Mileage should be reduced 50 percent by race week. Reduce mileage primarily by decreasing the length of your long runs and dropping out one run each week. However, keep one interval or hill run in your weekly training to maintain leg strength. Cut out weight training.
On race week go out for a short, mild tempo run or average intensity short speed-type workout of 30 to 40 minutes total on Monday. This ensures you maintain blood volume as you taper.
On Thursday, go out for an easy 20-minute run. This helps keep your legs stretched and reduce anxiety.
Try to reduce mental stress as much as possible at least the week of the marathon. Don’t stay up all night writing your final will and testament.
Try to relax as much as you can and get proper sleep and nutrition. The day before the race don’t do anything taxing. A short mile or two walk on level ground may help you relax, but no power walking or walking on uneven ground. During this week you should maintain a fairly high carbohydrate diet and drink plenty of water to maintain hydration and increase glycogen levels.
The night before your big day get to bed early and set two alarms. Play some upbeat music or rent a motivational movie to help you get ready for the race.
Make sure your race bag is already set up with your tried and tested running shoes, shorts and shirt and a good pair of socks.
A small first aid kit with a few self-adhesive bandages, petroleum jelly or other skin lubricant to prevent chafing, ibuprofen or aspirin, a light cap and sunscreen might be useful if you encounter blisters or other hazards and pains along the way.
The evening before the race try to eat foods you’ve eaten before without any complaints. Avoid high-fiber foods such as beans and bran, as they may cause more gastric distension and gas, and large amounts of proteins that increase water loss.
Avoid high fat foods as well - they are not as effective in maintaining the high glycogen levels you need during the race.
Some ideas for the pre-race meal include spaghetti, rice noodles, potatoes, small amounts of baked chicken or fish, salads or yogurt.
On race morning wake three hours before race time and drink a couple of full glasses of water.
The breakfast meal should be high carbohydrate and easy to digest and eaten as early as possible - a banana and cereal and juice or pancakes and syrup.

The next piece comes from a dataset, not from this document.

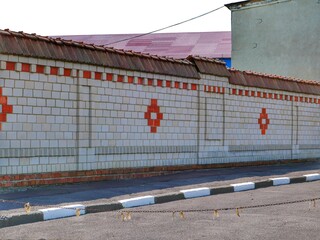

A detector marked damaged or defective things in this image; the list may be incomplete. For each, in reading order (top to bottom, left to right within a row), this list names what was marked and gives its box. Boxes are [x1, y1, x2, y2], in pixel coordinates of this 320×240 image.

rusty roof panel [0, 29, 200, 79]
rusty roof panel [186, 55, 231, 77]
rusty roof panel [230, 69, 320, 94]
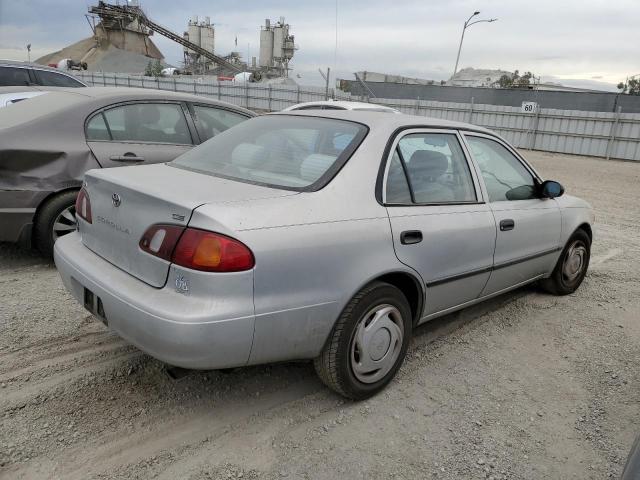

Eating early will fuel your exercise, allow your stomach to empty and may allow added time for a bowel movement.
Get to the race venue early (30 minutes to an hour beforehand) and do a few minutes of walking or light jogging and then stretching for the race ahead.
Drink another full glass of water about 10 minutes before the start.
When the cannon fires, start calmly and relaxed, and don’t start too fast.
During the race eat and drink at each aid station. If you have trouble running and eating, then walk through the stations. This period of walking may help reduce cramping, settle nerves and allow you to eat and drink more effectively.
During the race be aware of you surroundings and enjoy the applause from the crowds and enjoy yourself.
You are now a member of an elite few - a marathoner - good luck.
(Editor’s note: Dr. Schlub is a marathoner with a Ph.D. in exercise physiology.)